Norbourg, Zénith, Argentum: Yves Michaud y va de recommandations

Après l'opposition péquiste, Yves Michaud a formulé hier ses recommandations afin que les scandales à la Norbourg puissent être évités, sinon endigués. Du même souffle, le président du Mouvement d'éducation et de défense des actionnaires (MEDAC) exhorte le gouvernement du Québec à, minimalement, tenir une consultation publique sur la gouvernance des cabinets oeuvrant dans le secteur des services financiers.

Norbourg, Zénith, Argentum... Trois cas, trois cas de trop. Pour Norbourg, il est allégué une surfacturation d'honoraires mais aussi une fabrication et une falsification de documents. L'on parle d'un détournement de fonds de 69,8 millions touchant au moins 5000 investisseurs.
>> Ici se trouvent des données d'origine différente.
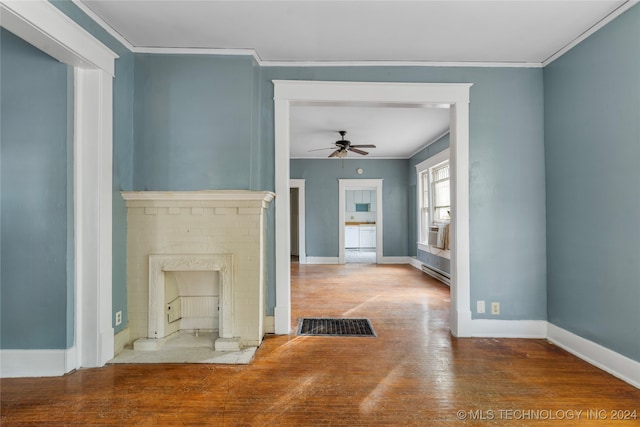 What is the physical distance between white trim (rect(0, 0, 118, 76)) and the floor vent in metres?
2.80

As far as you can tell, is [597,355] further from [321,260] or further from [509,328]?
[321,260]

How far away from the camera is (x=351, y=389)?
2178 mm

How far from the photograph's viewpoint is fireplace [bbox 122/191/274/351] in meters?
2.86

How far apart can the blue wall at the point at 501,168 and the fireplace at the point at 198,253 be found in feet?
1.31

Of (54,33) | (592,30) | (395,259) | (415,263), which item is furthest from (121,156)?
(395,259)

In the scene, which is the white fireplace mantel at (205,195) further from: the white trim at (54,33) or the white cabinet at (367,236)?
the white cabinet at (367,236)

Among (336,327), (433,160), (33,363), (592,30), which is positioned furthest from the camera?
(433,160)

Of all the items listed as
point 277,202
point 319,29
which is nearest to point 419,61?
point 319,29

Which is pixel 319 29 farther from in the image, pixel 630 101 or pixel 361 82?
pixel 630 101

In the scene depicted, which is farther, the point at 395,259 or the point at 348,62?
the point at 395,259

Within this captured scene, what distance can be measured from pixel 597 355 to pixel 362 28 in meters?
3.08

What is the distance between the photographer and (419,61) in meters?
3.18

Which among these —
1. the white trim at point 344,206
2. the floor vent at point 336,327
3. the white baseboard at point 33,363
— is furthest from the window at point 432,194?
the white baseboard at point 33,363

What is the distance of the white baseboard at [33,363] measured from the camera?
2342mm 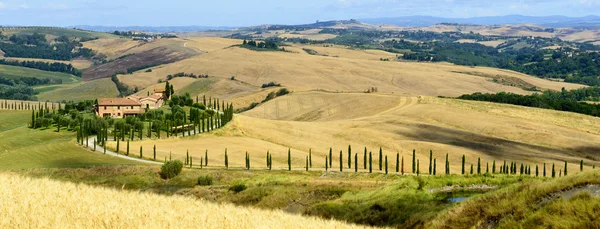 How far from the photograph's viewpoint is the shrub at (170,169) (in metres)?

Pour Zénith, le cas fait également appel à une surfacturation et à un détournement de fonds, qui atteindrait au moins six millions et qui aurait fait quelque 700 victimes. Dans le dossier Argentum on retient, pour l'heure, une érosion rapide de l'actif net et des infractions en matière de divulgation et de dépôt des états financiers, sans pouvoir parler de victimes ni en déterminer le nombre le cas échéant.

Ces trois cas d'anomalies ont été découverts dans le cadre d'un exercice de vérification à grande échelle entrepris par l'Autorité des marchés financiers (AMF) l'automne dernier. Il n'y aurait plus d'autres dossiers tombant ou risquant de tomber sous enquête parmi les 15 firmes de gestion de fonds d'investissement placés sous la juridiction de l'AMF.

Vendredi dernier, le porte-parole de l'opposition officielle en matière d'institutions financières, Rosaire Bertrand, a invité le gouvernement à emprunter la voie de l'austérité en proposant trois mesures. Il a suggéré que l'industrie des fonds d'investissement contribue davantage au budget d'opération de l'AMF; que le fonds d'indemnisation, protégeant les investisseurs en cas de fraude commise par les conseillers, soit élargi aux firmes de gestion; et, sans trop situer l'actuel mécanisme permettant de faire appel au Fonds d'aide aux collectifs, qu'un fonds soit créé ayant pour mission de financer et de faciliter l'amorce de recours collectifs pour les victimes de fraudes majeures.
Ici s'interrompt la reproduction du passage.